February 13, 2006

Sprint Nextel and Communications Workers of America Reach Agreement on Labor Issues

Union withdraws from regulatory review of new local service company

Media Contacts:
Candice Johnson, CWA Communications
202-434-1168 and cjohnson@cwa-union.org
Charles Fleckenstein, Sprint Nextel
913-794-2943 and charles.m.fleckenstein@sprint.com

Overland Park, Kan. — 02/13/2006

Sprint Nextel Corp. (NYSE: S) and the Communications Workers of America (CWA) today announced an agreement covering labor relations issues for employees of Sprint Nextel's local communications company. The separation of the local communications company, which will be known as Embarq Corporation, from Sprint Nextel is expected to occur in the second quarter of this year.

CWA Telecommunications Vice President Jimmy Gurganus said in recent talks with Sprint Nextel that, "We received assurances over questions we had regarding the financial characteristics of the new company and the transfer of pension assets." As a result, he said, CWA has withdrawn its interventions in state regulatory proceedings.

"We wanted to make sure that the new company would have the resources to invest in the future, have the ability to compete successfully and provide quality service and secure jobs," Gurganus said. "As a result of our talks, we are now satisfied on that score."

"We are pleased that we were able to address the CWA's questions regarding the structure of the separation from Sprint Nextel," said Mike Fuller, Chief Operating Officer designee of Embarq. "We look forward to continuing to partner with the CWA to offer our customers the great products and services they have come to expect," he said.

CWA represents approximately 3,800 workers in the local telecommunications operations at Sprint Nextel in 12 states.

Among the terms of the agreement:

  • Joint strategic committees will be set up at both national and regional levels to share information, address mutual concerns and problems, and foster a better working relationship.
  • The new company and union agreed to renew efforts to arrive at a national understanding on health care plan design.
  • Before dividing and allocating pension assets to the new company, Sprint Nextel will share its actuary's report with CWA and give the union an opportunity to comment.
  • CWA employees now will participate in the company's Short Term Incentive program, which provides bonuses based on meeting specific business goals.
  • The company agreed that it will seek cost-effective ways to increase rather than decrease the ratio of employees to contractors and to provide employees continued access to training opportunities.

About the Local Communications Company
Upon the separation from Sprint Nextel, the local telecommunications company, which will be known as Embarq Corporation, is expected to be a NYSE-listed company with approximately $6 billion in annual revenues, rank among the Fortune 500 and serve as the fifth largest local communications company in the United States based on the company's 7.4 million access lines as of Sept. 30, 2005. The company will provide a suite of communications services, consisting of local and long distance voice and data services, including high-speed Internet access.
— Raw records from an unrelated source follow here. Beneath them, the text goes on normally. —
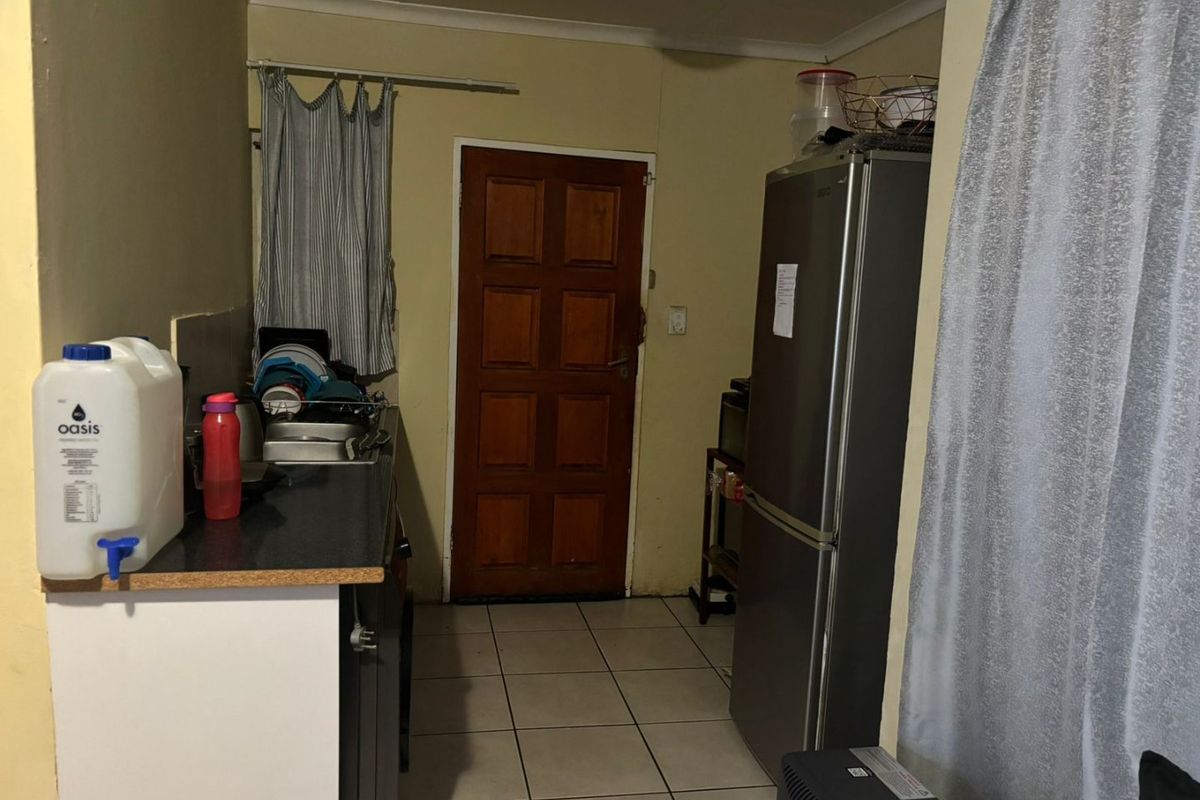 A compact kitchen area featuring tiled flooring, a laminate countertop with a stainless steel sink, and a timber door leading to the exterior.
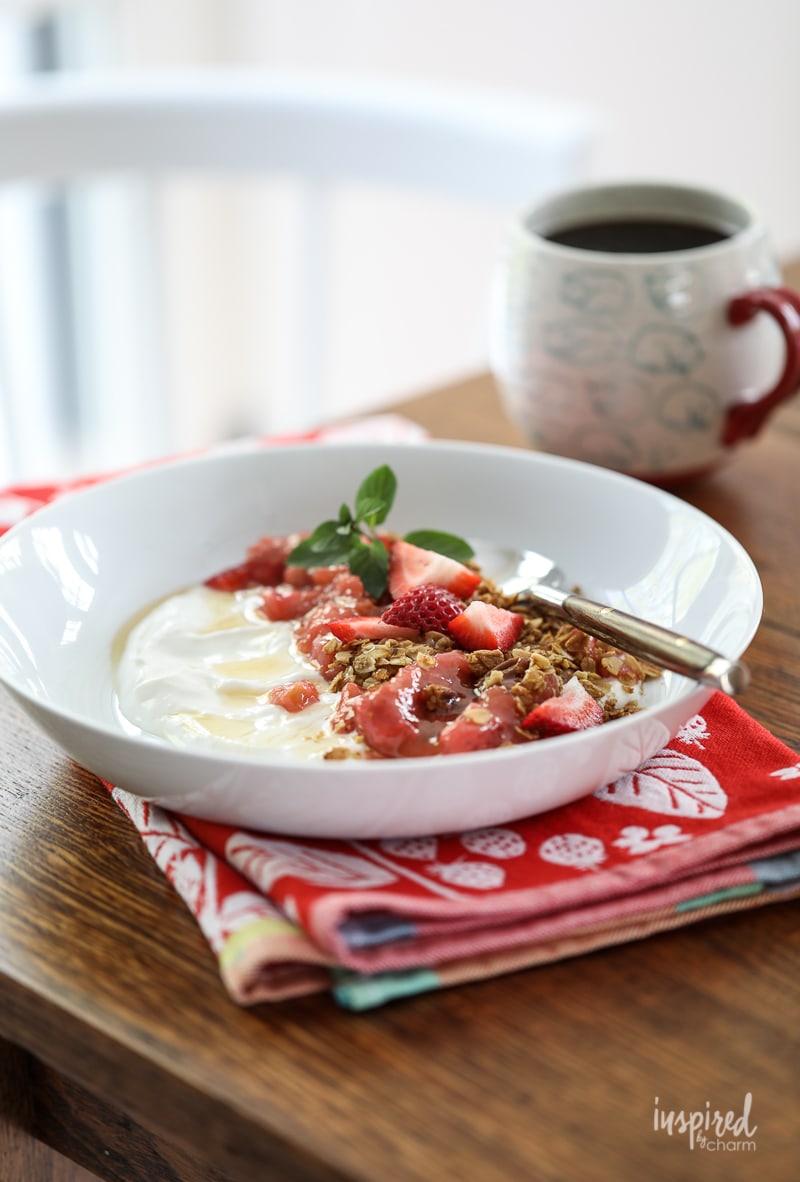Yogurt with Granola, Strawberry, Rhubarb and Honey in a bowl with cup of coffee.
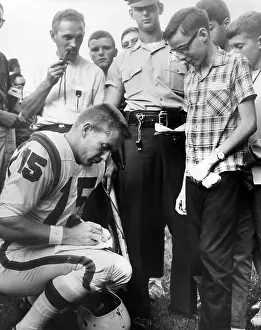 Congressman Prints: Buffalo Bills player Jack Kemp signs his autograph for a boy on August 4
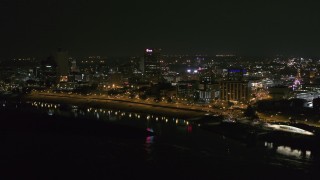 5.7K aerial stock footage of approaching office buildings and towers at night in Downtown Memphis, Tennessee Aerial Stock Footage | DX0002_182_026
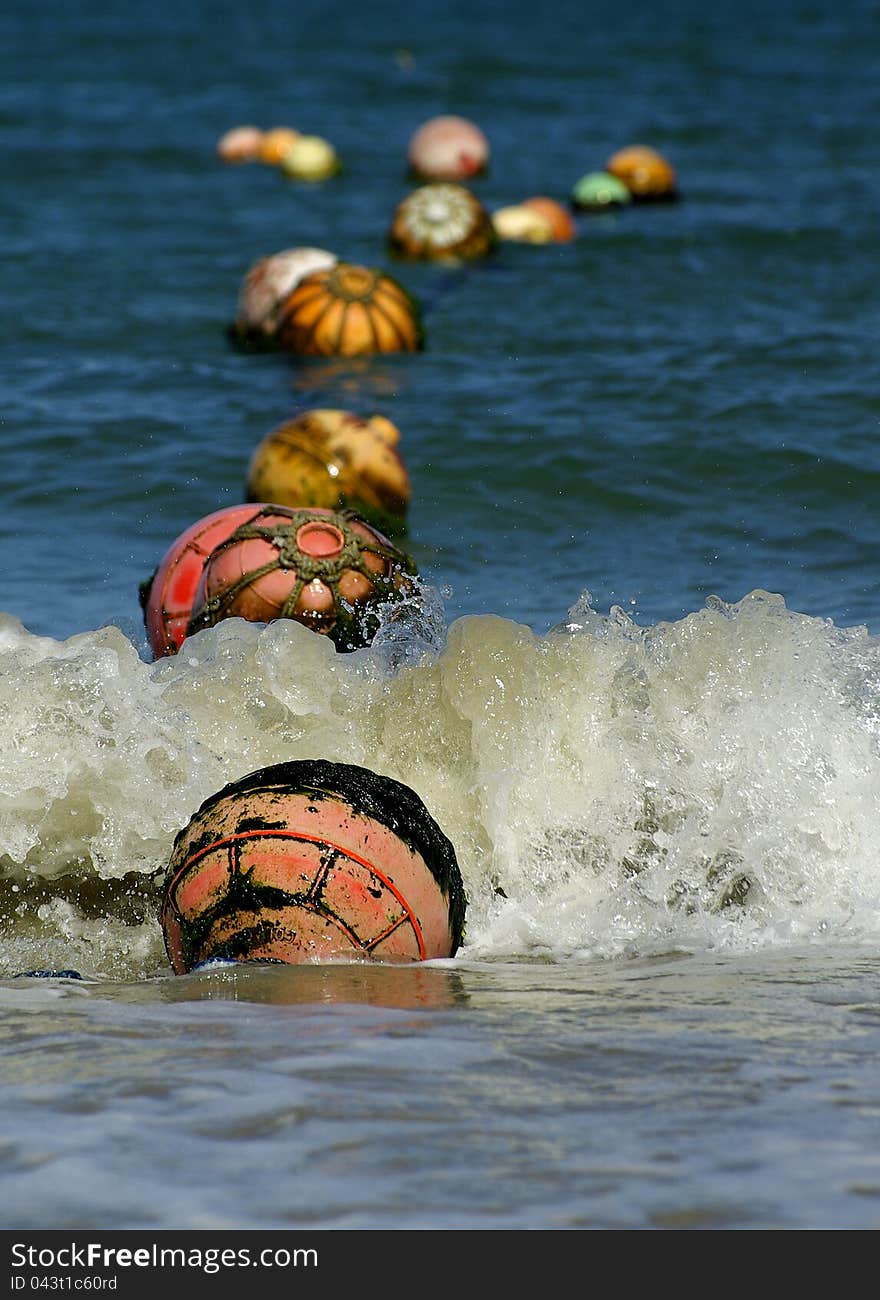 Buoys floating at the surface of the ocean. Buoys floating at the surface of the ocean.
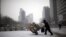 FILE - A man carries scraps in a handcart during snowfall in central Seoul, South Korea, Feb. 16, 2016. With the recycling market dimming, Seoul is turning to upcycling to reduce waste.
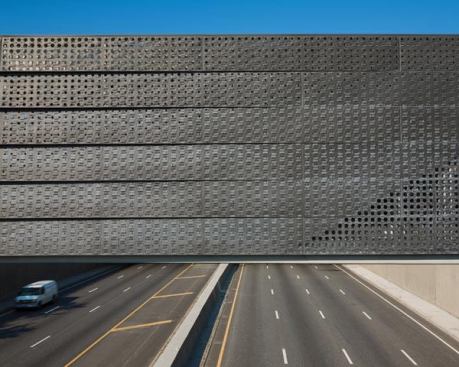 The undulating zinc skin creates a subtle pattern of shadows during the day.
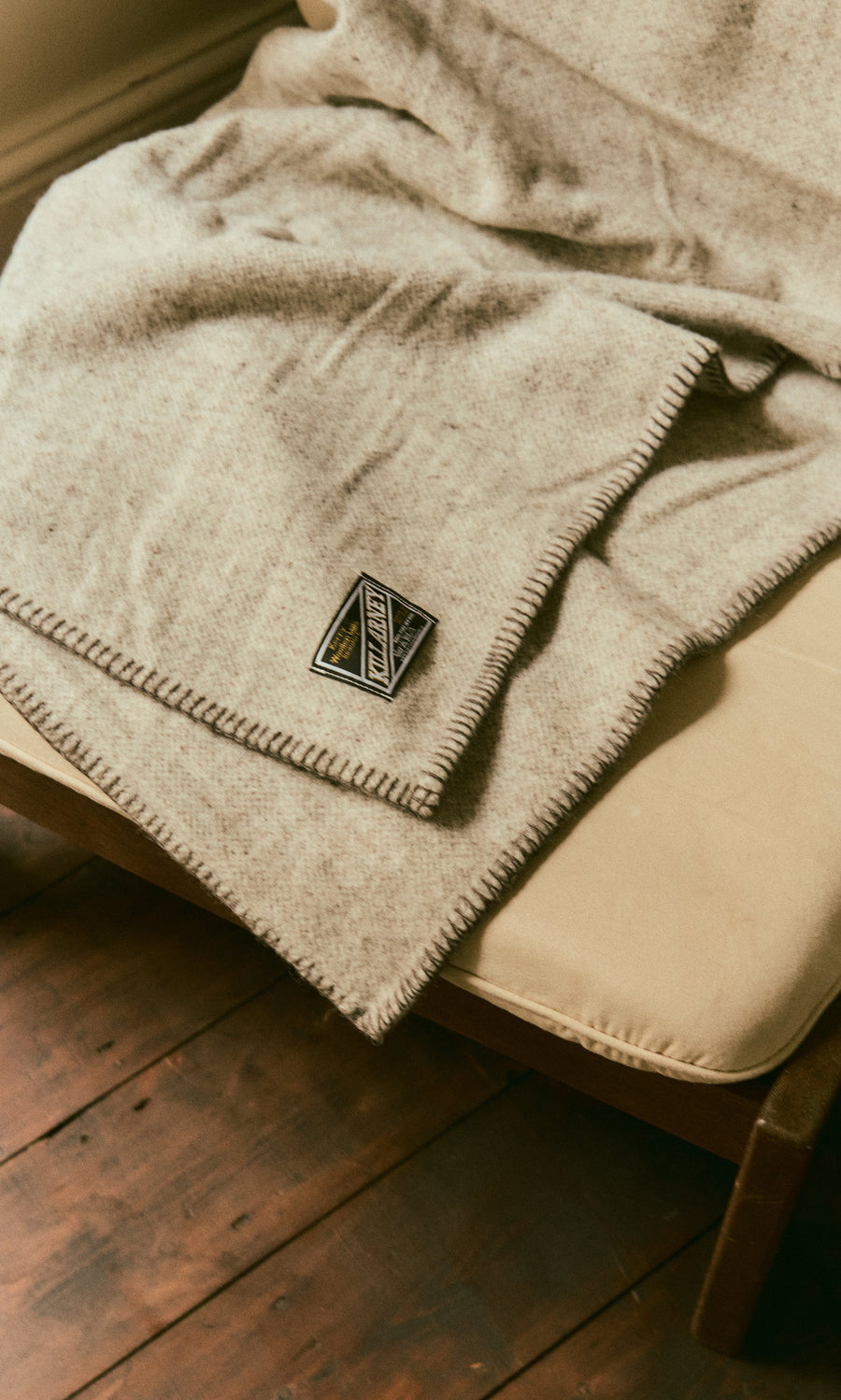 Plümo  The Kilkenny Blanket - Fossil is draped over a cushioned chair on a wooden floor, label visible.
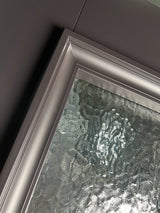 Close-up of textured glass and iron frame detail on double front entry door
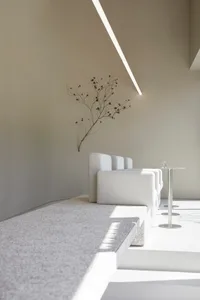 Minimalist waiting area with terrazzo flooring and white furniture.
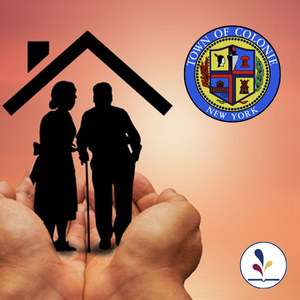 Silhouettes of two people under a roof in cupped hands with the Town of Colonie seal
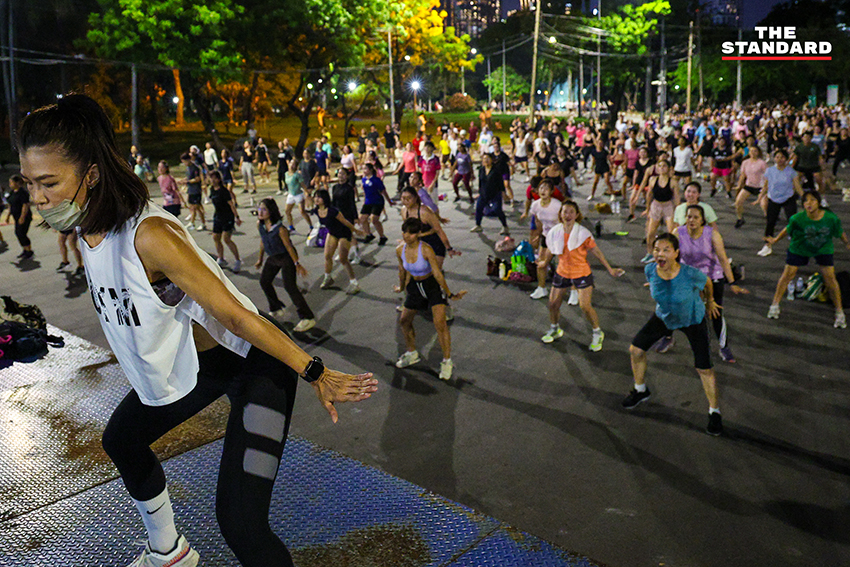 ภาพมุมกว้างของผู้คนจำนวนมากกำลังเต้นแอโรบิกอย่างสนุกสนานที่สวนลุมพินี 7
The company expects to have approximately 20,000 employees at the time of the separation from Sprint Nextel.

About Sprint Nextel
Sprint Nextel offers a comprehensive range of wireless and wireline communications services to consumer, business and government customers. Sprint Nextel is widely recognized for developing, engineering and deploying innovative technologies, including two robust wireless networks offering industry leading mobile data services; instant national and international walkie-talkie capabilities; and an award-winning and global Tier 1 Internet backbone. For more information, visit www.sprint.com/mr.

"Safe Harbor" Statement under the Private Securities Litigation Reform Act of 1995
The matters discussed in this press release that are not historical or current facts deal with potential future circumstances and developments, in particular relating to completion of the separation. This discussion is qualified by the inherent risks and uncertainties surrounding future events generally and also may differ materially from actual future experience involving any one or more of such matters. Such risks and uncertainties include: the result of the review of the proposed separation by various regulatory agencies and any conditions imposed on Embarq Corporation or Sprint Nextel in connection with consummation of the separation, the approval of the separation by the Sprint Nextel board of directors, the receipt of satisfactory tax opinions and the risks that are described in the sections entitled "Risk Factors" and "Cautionary Statement Regarding Forward-Looking Statements" contained in the Form 10 Registration Statement of Embarq Corporation, as filed with the Securities and Exchange Commission on January 23, 2006 under the name LTD Holding Company and in Sprint Nextel's filings with the Securities and Exchange Commission including its Form 10-K for the year ended December 31, 2004, as amended, and its quarterly reports on Form 10-Q filed in 2005. In addition to the factors mentioned above and within the Form 10 Registration Statement and in Sprint Nextel's filings with the Securities and Exchange Commission, economic, governmental, technological, capital market and other factors could affect the forward-looking statements in this press release. Forward-looking statements speak only as of the date they were made, and neither Sprint Nextel nor Embarq Corporation undertakes an obligation to update or revise any forward-looking statements in light of new information or future events.